*RECORDED DATA*.

[Start of section]

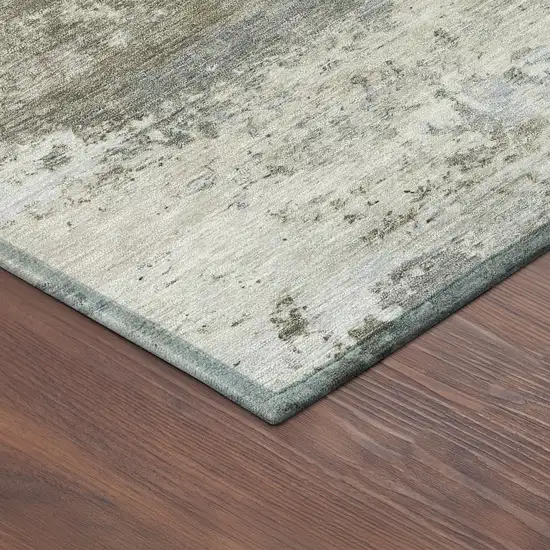 8' Tan And Beige Round Abstract Washable Indoor Outdoor Area Rug Photo 8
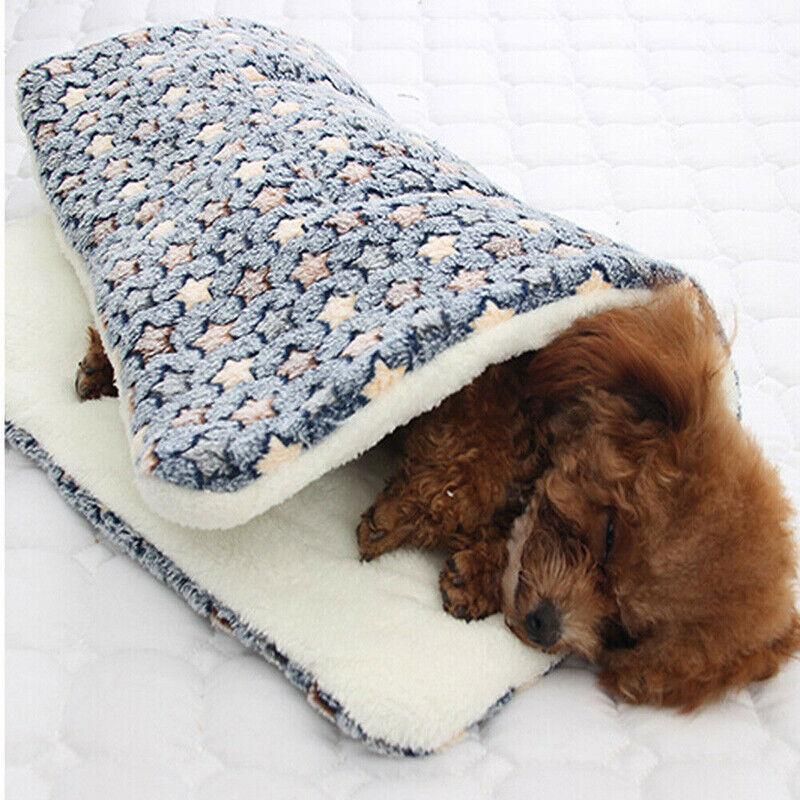 L Size Puppy Dog Cat Cushion Mattress Blanket Bed Soft Warm Pad Winter Kennel House - Blue Brownstar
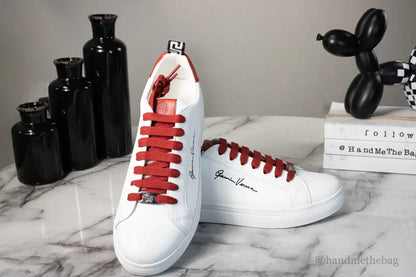 Versace White Red Vitello Leather Gianni Versace Signature Sneakers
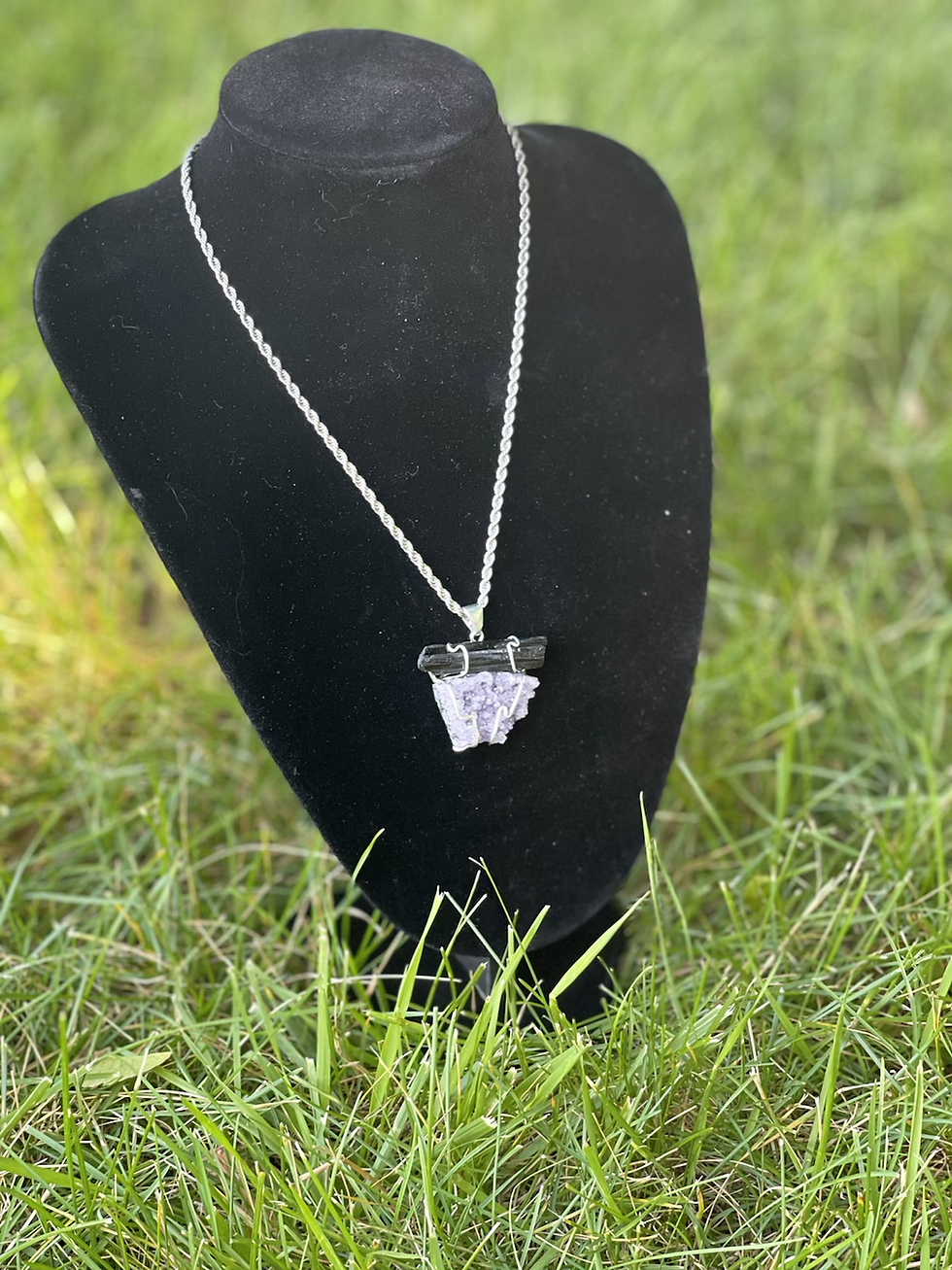 Thumbnail: Black Tourmaline on Amethyst Necklace ~18” ~Silver Necklace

[End of section]

*TASK INSTRUCTIONS*.
What's needed is every line above, retyped exactly and free of pictures.

*EXERCISE SOLUTION*.
 8' Tan And Beige Round Abstract Washable Indoor Outdoor Area Rug Photo 8
 L Size Puppy Dog Cat Cushion Mattress Blanket Bed Soft Warm Pad Winter Kennel House - Blue Brownstar
 Versace White Red Vitello Leather Gianni Versace Signature Sneakers
 Thumbnail: Black Tourmaline on Amethyst Necklace ~18” ~Silver Necklace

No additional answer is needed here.